La difficulté à planter du maïs, la plus grande culture céréalière du monde, dans le nord des États-Unis s'ajoute à une série de récoltes difficiles dans le monde entier qui laissent présager plusieurs années de pénurie et de coûts alimentaires élevés.

L'invasion de l'Ukraine par la Russie, un important exportateur agricole, a fait grimper les prix du blé, du soja et du maïs à des niveaux quasi record plus tôt cette année. Le mauvais temps a également réduit les récoltes de céréales en Chine, en Inde, en Amérique du Sud et dans certaines régions d'Europe. Quant aux pénuries d'engrais, elles réduisent les rendements de nombreuses cultures dans le monde.
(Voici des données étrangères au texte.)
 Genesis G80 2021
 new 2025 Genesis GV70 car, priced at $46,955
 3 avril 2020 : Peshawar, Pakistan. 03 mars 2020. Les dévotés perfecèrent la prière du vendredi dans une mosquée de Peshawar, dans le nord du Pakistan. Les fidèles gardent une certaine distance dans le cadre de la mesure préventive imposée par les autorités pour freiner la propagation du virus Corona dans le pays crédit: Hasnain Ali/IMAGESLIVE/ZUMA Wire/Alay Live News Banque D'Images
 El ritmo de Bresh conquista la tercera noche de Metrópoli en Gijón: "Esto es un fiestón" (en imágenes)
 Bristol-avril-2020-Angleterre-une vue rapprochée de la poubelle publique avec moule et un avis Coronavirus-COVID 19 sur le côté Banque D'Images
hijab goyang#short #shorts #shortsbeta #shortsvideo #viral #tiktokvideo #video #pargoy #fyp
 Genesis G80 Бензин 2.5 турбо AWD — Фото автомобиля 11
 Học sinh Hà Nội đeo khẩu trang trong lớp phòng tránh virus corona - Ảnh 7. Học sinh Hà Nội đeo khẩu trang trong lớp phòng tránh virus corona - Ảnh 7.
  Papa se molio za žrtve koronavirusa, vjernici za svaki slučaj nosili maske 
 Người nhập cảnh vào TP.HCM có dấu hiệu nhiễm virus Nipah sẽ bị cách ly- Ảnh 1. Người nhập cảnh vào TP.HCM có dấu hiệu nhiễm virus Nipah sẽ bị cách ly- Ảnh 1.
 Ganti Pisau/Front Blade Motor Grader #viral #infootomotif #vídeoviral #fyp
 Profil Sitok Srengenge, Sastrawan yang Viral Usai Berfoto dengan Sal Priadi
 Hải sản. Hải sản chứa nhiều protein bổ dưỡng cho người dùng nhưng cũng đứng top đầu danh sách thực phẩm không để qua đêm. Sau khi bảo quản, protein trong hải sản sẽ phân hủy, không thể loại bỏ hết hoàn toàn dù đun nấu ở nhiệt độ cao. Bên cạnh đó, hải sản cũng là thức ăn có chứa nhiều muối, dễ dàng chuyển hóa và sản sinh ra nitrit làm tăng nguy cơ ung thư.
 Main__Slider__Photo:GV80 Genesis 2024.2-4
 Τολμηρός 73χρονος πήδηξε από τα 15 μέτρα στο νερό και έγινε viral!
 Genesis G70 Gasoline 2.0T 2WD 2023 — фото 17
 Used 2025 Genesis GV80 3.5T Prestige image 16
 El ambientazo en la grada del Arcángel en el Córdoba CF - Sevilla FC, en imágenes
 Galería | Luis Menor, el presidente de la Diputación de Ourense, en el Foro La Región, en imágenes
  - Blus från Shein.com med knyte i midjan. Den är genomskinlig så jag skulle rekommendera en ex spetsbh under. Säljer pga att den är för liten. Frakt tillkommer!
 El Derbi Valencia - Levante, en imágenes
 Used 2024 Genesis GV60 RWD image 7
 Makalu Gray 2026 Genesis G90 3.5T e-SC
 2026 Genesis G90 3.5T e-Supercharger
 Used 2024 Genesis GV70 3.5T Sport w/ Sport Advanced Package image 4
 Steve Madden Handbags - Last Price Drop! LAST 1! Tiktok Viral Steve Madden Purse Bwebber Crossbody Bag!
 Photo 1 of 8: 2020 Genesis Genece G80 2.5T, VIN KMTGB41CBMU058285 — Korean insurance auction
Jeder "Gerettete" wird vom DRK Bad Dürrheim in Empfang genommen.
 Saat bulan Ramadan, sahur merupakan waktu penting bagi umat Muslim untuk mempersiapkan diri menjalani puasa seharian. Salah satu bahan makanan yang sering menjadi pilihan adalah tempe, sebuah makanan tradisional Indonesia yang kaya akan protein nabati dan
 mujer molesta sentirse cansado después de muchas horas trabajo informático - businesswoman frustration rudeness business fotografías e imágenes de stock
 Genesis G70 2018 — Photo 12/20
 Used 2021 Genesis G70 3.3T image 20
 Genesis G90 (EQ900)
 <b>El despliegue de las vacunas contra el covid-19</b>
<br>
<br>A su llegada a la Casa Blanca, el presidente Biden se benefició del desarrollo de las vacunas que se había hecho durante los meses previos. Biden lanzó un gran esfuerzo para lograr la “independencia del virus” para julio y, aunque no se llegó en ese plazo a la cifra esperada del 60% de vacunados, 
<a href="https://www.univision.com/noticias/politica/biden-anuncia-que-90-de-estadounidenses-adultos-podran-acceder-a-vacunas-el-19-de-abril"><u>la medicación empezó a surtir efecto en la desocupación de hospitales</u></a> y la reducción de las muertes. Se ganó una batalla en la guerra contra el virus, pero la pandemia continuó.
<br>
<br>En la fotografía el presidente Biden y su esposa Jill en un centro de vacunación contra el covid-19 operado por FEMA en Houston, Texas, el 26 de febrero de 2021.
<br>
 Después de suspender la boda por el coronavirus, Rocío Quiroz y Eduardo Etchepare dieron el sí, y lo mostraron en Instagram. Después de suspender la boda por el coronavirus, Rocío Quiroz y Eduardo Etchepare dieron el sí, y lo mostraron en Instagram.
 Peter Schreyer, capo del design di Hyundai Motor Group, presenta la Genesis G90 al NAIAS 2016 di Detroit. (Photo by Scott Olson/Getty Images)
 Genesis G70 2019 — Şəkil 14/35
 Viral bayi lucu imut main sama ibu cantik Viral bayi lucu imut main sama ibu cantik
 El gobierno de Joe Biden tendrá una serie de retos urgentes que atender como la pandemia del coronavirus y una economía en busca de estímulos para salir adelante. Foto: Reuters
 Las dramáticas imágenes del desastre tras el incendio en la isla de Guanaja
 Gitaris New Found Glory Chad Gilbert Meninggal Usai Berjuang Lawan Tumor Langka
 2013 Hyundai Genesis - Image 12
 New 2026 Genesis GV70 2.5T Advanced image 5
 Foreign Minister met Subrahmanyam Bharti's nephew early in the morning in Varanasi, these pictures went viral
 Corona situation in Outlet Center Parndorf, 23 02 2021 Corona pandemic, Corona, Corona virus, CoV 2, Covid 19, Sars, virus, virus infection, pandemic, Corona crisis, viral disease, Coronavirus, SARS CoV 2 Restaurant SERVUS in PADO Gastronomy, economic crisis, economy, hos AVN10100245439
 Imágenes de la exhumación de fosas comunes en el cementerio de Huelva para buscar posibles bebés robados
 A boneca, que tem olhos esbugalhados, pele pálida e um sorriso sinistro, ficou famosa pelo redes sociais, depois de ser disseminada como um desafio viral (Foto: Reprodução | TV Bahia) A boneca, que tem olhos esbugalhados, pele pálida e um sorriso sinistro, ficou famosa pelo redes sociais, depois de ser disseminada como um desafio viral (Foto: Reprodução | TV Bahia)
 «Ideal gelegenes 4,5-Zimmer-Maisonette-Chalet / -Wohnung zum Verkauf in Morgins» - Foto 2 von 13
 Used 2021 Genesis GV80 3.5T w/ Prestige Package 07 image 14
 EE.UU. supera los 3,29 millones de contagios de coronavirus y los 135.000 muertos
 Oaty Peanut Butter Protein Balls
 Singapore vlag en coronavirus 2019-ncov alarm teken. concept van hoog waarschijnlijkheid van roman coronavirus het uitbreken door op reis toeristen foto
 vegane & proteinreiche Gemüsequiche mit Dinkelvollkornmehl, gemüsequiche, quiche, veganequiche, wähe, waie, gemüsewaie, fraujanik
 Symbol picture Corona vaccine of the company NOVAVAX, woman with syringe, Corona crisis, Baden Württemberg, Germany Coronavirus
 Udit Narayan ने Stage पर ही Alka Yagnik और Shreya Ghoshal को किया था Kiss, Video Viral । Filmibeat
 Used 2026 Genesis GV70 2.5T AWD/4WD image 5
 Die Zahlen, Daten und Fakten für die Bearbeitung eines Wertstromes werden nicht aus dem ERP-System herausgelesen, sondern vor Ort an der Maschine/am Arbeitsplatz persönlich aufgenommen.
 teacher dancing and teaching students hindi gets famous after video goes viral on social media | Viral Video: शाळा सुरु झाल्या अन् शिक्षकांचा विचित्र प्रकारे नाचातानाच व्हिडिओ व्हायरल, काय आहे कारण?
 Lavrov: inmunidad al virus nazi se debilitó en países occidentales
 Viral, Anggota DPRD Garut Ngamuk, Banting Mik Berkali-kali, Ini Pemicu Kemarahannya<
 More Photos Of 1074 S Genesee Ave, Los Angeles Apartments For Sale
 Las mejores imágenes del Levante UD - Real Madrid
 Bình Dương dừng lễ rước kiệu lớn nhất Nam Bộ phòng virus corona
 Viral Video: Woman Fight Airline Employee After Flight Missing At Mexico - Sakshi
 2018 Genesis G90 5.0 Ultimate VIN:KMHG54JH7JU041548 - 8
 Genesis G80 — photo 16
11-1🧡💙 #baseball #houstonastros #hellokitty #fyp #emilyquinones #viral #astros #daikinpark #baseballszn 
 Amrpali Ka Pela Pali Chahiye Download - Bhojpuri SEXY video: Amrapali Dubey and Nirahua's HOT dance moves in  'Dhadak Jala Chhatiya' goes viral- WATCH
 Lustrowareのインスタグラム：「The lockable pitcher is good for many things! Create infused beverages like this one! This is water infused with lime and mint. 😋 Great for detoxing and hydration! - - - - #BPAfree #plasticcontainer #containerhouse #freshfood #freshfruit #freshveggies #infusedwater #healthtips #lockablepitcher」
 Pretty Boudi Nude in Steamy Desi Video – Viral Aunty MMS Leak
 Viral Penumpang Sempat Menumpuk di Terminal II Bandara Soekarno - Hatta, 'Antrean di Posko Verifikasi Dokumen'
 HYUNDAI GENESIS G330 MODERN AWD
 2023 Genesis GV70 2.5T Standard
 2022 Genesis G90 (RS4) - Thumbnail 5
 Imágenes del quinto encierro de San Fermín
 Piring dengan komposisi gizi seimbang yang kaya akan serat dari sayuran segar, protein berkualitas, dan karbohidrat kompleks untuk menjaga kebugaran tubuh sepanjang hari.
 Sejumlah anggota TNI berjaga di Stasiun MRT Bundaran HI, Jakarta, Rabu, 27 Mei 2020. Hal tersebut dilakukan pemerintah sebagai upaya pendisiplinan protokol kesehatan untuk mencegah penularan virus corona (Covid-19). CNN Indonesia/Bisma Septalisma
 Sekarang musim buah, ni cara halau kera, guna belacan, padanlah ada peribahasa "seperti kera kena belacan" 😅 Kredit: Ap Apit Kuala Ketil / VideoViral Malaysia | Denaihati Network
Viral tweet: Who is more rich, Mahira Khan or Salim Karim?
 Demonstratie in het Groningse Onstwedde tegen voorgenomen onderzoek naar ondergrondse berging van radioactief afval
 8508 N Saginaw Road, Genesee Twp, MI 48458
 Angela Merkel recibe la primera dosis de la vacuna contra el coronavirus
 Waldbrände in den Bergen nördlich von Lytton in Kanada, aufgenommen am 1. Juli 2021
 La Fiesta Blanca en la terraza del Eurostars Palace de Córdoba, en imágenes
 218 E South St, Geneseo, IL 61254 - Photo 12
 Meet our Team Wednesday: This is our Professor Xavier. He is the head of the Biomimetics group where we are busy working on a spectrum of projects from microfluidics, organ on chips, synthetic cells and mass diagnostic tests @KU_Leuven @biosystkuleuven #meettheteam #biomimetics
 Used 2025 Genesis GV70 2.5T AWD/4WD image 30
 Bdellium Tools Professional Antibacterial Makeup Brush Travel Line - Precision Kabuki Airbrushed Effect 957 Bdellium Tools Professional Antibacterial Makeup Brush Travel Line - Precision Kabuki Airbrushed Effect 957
Le monde n'a peut-être jamais connu un tel niveau de perturbations agricoles simultanées, selon les cadres de l'agriculture, les analystes industriels, les agriculteurs et les économistes interrogés par Reuters, ce qui signifie qu'il faudra peut-être des années pour retrouver la sécurité alimentaire mondiale.

"Habituellement, lorsque nous sommes dans un environnement où l'offre et la demande sont serrées, vous pouvez le reconstruire en une seule saison de croissance. Là où nous sommes aujourd'hui, avec les contraintes liées à la relance de la production et (la guerre en) Ukraine ... il faudra deux à trois ans avant de sortir de l'environnement actuel", a déclaré Jason Newton, économiste en chef du producteur d'engrais Nutrien Ltd.

Le secrétaire général des Nations Unies, Antonio Guterres, a déclaré la semaine dernière que le monde était confronté à une crise de la faim sans précédent, avec un risque de famines multiples cette année et une situation pire en 2023.

À l'approche d'une récolte nord-américaine cruciale, les retards d'ensemencement des céréales du Manitoba à l'Indiana ont suscité des inquiétudes quant à la baisse de la production. Une récolte de maïs plus faible dans les États-Unis, principaux producteurs, se répercutera sur la chaîne d'approvisionnement et fera que les consommateurs paieront la viande encore plus cher qu'ils ne le font déjà, le maïs étant une source essentielle d'alimentation du bétail.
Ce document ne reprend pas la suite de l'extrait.